Ka'ak can refer to a bread commonly consumed throughout the Near East that is made in a large ring-shape and is covered with sesame seeds. Fermented chickpeas are used as a leavening agent. Widely sold by street vendors, it is usually eaten as a snack or for breakfast with za'atar. In East Jerusalem, it's sometimes served alongside oven-baked eggs and falafel. Palestinians from Hebron to Jenin consider Jerusalem ka'ak to be a unique specialty good, and those from the city or visiting there often buy several loaves to give to others outside the city as a gift.
In Lebanon, ka'ak bread rings are made of sweet dough rolled into ropes and formed into rings and topped with sesame seeds. Instead of za'atar, after baking, it is glazed with milk and sugar and then dried. Tunisian Jews also make a slightly sweet-and-salty version of the pastry, but don't use a yeast-based dough. In Egypt, usually at wedding parties, a variation made with almonds, known as kahk bi loz, is served.
Kaak are bread sticks, but instead of being actual stick shapes, they are formed into rings. They are flavored with kemun, kizabrah, mahlab, and yansoon. Or cumin, anise, and cherry pit. I wouldn’t say that they’re hard to make, just time consuming. You need to shape each ring, then bake at two different temperatures.The smell of these baked Kaak is awesome. For our 105th #Foodiemonday Bloghop event, we are back with #savorybakeddish, and I chose these savory dish from middle east. Check out the recipe below and enjoy!!! This recipe I adopted from Deal Delights.
3 Cups all purpose flour
1/3 cup Carom seeds
1 teaspoon fennel seeds
1 heaping teaspoon cumin
2 Tbsp oil
3 teaspoons active dry yeast
1 teaspoon sugar
2 1/2 cups warm water
4 tablespoons kosher salt
1. Proof the yeast, In a large bowl or measuring cup, combine the yeast, sugar, and water. Let foam.
2. In a large measuring bowl, mix together the flour, carom seeds, Fennel seeds, cumin, oil, salt, and shortening.
3. Add the yeast mixture to the flour mixture.
4. Knead dough well (by hand or in your mixer with the dough hook), about 5 minutes, until it’s smooth and not sticky.
5. Set dough aside and cover with a damp towel. Let rise for 1 1/2 hours in a warm place.
6. Split the dough into quarters, working with a section at a time.
7. Roll each quarter into into 2 inch logs.
8. Slice each log into 1/2 inch strips and then roll each of those strips out into 4-6 inch snakes.
9. Shape each snake into a circle, overlapping to make sure they stick.
10. Brush with Milk and sprinkle with sesame seeds.

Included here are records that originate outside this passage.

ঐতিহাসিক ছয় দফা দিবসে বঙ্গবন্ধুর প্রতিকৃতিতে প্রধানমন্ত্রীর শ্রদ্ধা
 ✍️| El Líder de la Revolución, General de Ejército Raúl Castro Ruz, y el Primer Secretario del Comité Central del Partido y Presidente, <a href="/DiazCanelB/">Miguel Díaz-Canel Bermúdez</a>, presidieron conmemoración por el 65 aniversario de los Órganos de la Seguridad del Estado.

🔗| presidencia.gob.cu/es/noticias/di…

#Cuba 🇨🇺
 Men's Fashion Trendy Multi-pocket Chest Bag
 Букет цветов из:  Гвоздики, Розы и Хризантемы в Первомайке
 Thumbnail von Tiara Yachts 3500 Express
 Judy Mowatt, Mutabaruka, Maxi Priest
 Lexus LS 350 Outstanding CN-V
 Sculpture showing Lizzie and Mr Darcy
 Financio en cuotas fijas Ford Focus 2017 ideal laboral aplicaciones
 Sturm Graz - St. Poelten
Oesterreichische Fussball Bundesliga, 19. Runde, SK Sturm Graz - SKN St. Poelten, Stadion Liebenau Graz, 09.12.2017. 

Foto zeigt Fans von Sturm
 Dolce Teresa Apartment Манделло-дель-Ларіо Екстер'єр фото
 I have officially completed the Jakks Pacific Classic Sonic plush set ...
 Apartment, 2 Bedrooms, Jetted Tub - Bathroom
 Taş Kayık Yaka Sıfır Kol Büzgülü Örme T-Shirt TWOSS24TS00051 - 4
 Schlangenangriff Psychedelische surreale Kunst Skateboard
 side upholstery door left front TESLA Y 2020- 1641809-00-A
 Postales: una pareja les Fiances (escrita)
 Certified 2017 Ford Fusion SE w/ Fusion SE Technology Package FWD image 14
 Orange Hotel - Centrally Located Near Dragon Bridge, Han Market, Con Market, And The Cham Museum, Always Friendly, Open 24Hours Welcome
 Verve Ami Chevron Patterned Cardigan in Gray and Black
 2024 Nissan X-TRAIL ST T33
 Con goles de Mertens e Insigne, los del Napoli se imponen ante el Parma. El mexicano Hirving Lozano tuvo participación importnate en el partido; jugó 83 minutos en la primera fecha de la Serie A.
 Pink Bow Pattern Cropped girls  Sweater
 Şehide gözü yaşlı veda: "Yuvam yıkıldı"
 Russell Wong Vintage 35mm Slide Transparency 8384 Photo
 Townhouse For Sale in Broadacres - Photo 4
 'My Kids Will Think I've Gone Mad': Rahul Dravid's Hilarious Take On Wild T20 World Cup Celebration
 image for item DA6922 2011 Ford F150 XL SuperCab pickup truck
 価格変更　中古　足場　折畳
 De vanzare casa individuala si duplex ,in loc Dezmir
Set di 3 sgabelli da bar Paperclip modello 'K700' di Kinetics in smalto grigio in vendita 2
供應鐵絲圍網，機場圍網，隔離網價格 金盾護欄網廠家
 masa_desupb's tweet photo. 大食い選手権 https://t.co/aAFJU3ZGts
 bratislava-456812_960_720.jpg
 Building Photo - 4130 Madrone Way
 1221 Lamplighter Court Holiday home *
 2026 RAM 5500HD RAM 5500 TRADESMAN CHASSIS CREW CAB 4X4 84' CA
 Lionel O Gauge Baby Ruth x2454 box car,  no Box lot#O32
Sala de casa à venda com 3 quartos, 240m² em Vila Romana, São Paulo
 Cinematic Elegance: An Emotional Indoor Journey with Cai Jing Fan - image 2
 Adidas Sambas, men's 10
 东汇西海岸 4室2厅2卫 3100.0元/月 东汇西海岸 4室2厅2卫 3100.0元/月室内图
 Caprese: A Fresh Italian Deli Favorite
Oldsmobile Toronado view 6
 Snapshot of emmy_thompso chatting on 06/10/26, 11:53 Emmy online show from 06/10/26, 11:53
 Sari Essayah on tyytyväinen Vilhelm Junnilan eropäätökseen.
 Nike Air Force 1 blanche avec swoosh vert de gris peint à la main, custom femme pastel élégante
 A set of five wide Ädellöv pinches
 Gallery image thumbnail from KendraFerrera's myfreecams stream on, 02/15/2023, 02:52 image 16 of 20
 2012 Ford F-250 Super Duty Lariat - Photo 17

11. Place on baking sheets and bake at 400 degrees for about 10 minutes, repeat until all the kaak is baked.
12. Lower the oven to 250 degrees and bake for 20 minutes, until the kaak is dry and crisp. (If you have two ovens, set one to 400 and the other to 250. Transfer each batch straight from the hotter oven to the cooler until they’re all bake).